-- Data extract follows --

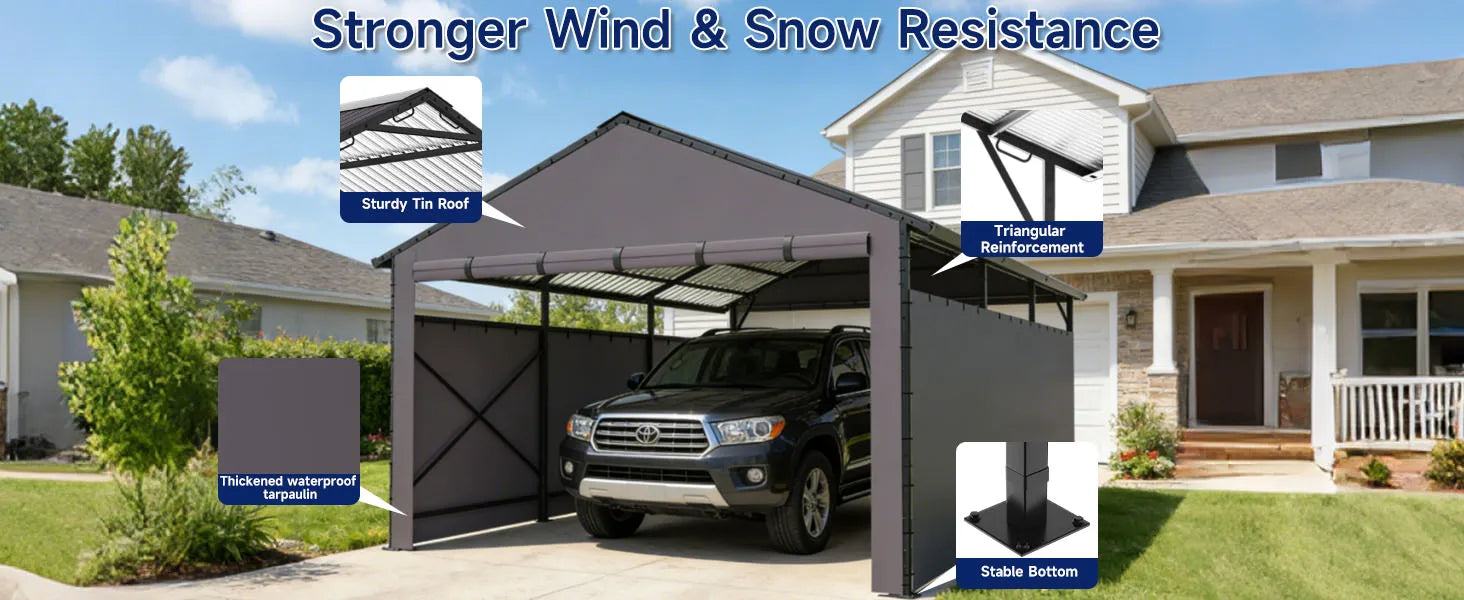 Heavy Duty Metal Carport 22x11 FT with Oxford Cloth Enclosure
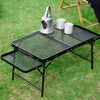 Portable Camping Table Folding Storage Outdoor Desk Mesh Top Height Extendable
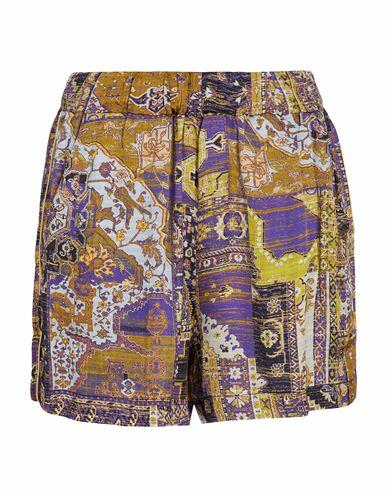 8 By Yoox Printed Viscose Shorts Woman Shorts & Bermuda Shorts Purple Viscose Cover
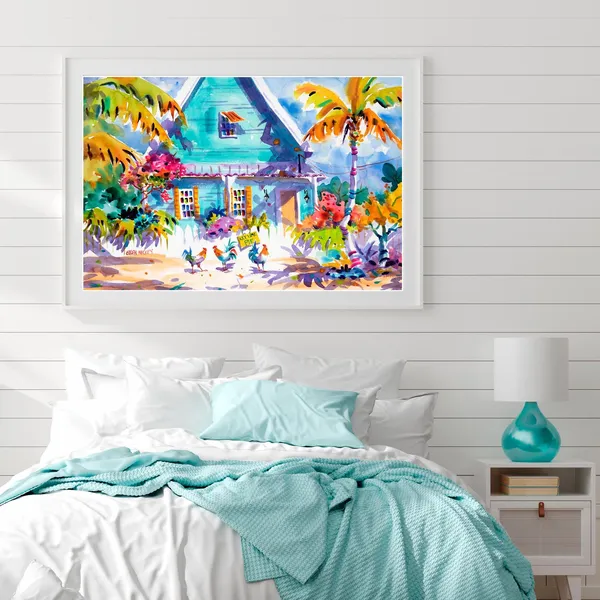 Key West Rooster Watercolor Art Print, Florida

-- Data extract concluded --

Task brief | Could the data above be reproduced exactly, with the pictures left out?

Solution to the exercise |
 Heavy Duty Metal Carport 22x11 FT with Oxford Cloth Enclosure
 Portable Camping Table Folding Storage Outdoor Desk Mesh Top Height Extendable
 8 By Yoox Printed Viscose Shorts Woman Shorts & Bermuda Shorts Purple Viscose Cover
 Key West Rooster Watercolor Art Print, Florida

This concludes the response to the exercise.